A primeira visita do Fugazi ao Brasil data de agosto de 1994. Tratava-se de um festival acontecido em Minas Gerais, o desbravador BHRIF (Belo Horizonte Rock Independente Fest), que ambicionava discutir os rumos da cena alternativa por aqui, além de criar conexões com as do exterior, em uma época na qual a Internet de larga escala era algo embrionário. Para que esse intercâmbio fosse menos utópico e mais concreto, reuniu nomes de calibre, como Dorsal Atlântica e Anathema (este também estreante no país), entre outros das mais variadas tendências artísticas. E a presença do quarteto de Washington era algo passível de festejos não apenas do ponto de vista musical: quem melhor para ali estar do que Ian MacKaye, homem que liderou uma contra-revolução underground em território norte-americano? Tratava-se de uma situação que transcendia a música, como tudo que envolve esse singular guitarrista/vocalista: ele reunia em si mesmo exatamente aquilo que o evento buscava apontar, discutir e entender – e já aplicava de forma prática o que ali se teorizava há pelo menos uns 15 anos.

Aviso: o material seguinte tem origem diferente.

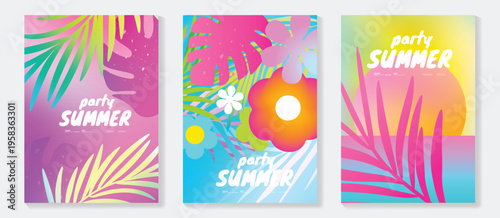 Summer tropical poster vector set with orchid flowers, hibiscus bloom, plumeria blossom, palm tree, botanical leaves and exotic garden elements. Bright seasonal wall art design for poster, print, card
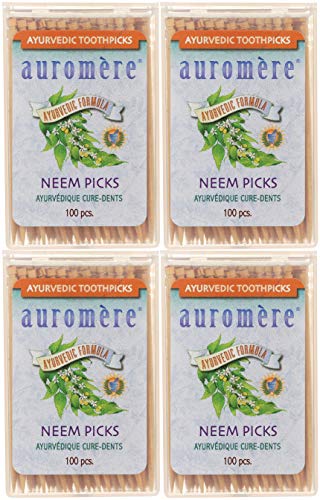 Auromere Neem Toothpicks - Breath Freshening, Vegan, Non-GMO, Birchwood - 100 Count, 4 Pack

Uma questão de postura, de atitude, e, mais do que tudo, de sabedoria, fizeram de Mackaye a principal atração daquele fest (que infelizmente teve nessa sua única edição).
Na segunda visita, essa em 1997, eis que temos o Fugazi mais uma vez com missão professoral, porém a lição vinha em forma não de palestra, de painel ou de entrevista, e sim de show ao vivo. Confira na seção Mopho de hoje o concerto completo que a banda americana fez na mesma cidade de Belo Horizonte, três anos depois do BHIRF – e, se existe uma prova de que o evento realmente trouxe algo de novo à mentalidade de nossos ativistas culturais, ela está explicitada na qualidade desse vídeo.

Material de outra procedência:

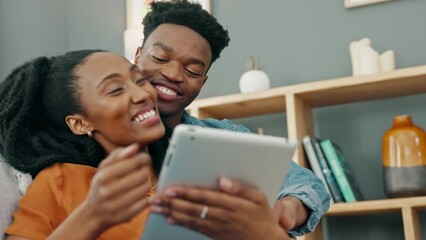 Poster - Black couple, tablet and social media browsing with a happy man and woman on the internet doing online shopping or enjoying streaming service. Lovers enjoying mobile app with 5g home wifi network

Áudio impecável, banda plenamente à vontade, platéia participativa, angulação bem escolhida (Alexandre Estanislau Silva, autor da captação, filma da platéia e na meia hora final sobe ao palco, misturando os pontos de vista de audiência e banda) e uma saraivada de temas definitivos do post-hardcore, imitados porém nunca igualados. Uma hora e meia de clássicos como “Public Witness Program”, “Reclamation”, “Bulldog Front”, “Suggestion” (com Guy Picciotto mandando ver na sua tradicional dancinha), a belíssima “Facet Square”, “Long Division” e claro, “Waiting Room” – em maior ou menor grau, você já ouviu um pouco de cada uma dessas em muitas das suas bandas favoritas.

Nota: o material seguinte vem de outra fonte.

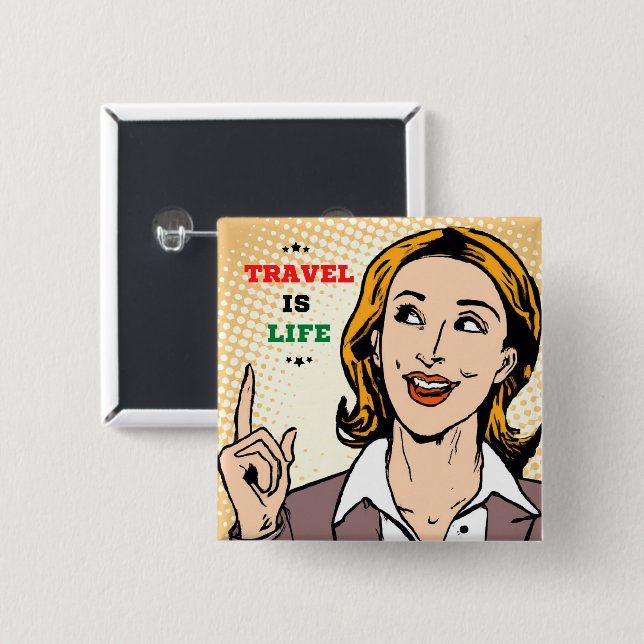 Reise ist Lebenstaste Button (Vorne & Hinten)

Tem até confusão: durante ”Walken’s Syndrome”, uma galera mais empolgada começa a dar stage dives – o problema é que nessa encostam sem parar no equipamento de MacKaye, em especial no seu pedestal de microfone. Um dos caras inclusive toma uma repreendida do vocalista – não está claro nas imagens se o mano tentou cantar a música, mas vemos o frontman claramente pistola com ele. Quando o crowdsurfing passa a ficar progressivamente sem noção, Ian pega um dos moleques que pulavam do palco e joga ele mesmo a pessoa de volta para a audiência (dizem nos comentários que até um chute na bunda o figura levou). No fim da música o pessoal vai tirar satisfação com o cantor, o mandam se foder, ele permanece impassível, diz que gostaria de entender português para continuar a discussão, e encerra a treta com um tremendamente cínico “me desculpe” direcionado ao arremessado… Um concerto irretocável, de uma banda luminosa, em um país que dá suas cabeçadas, mas que sabe como poucos acolher um espetáculo.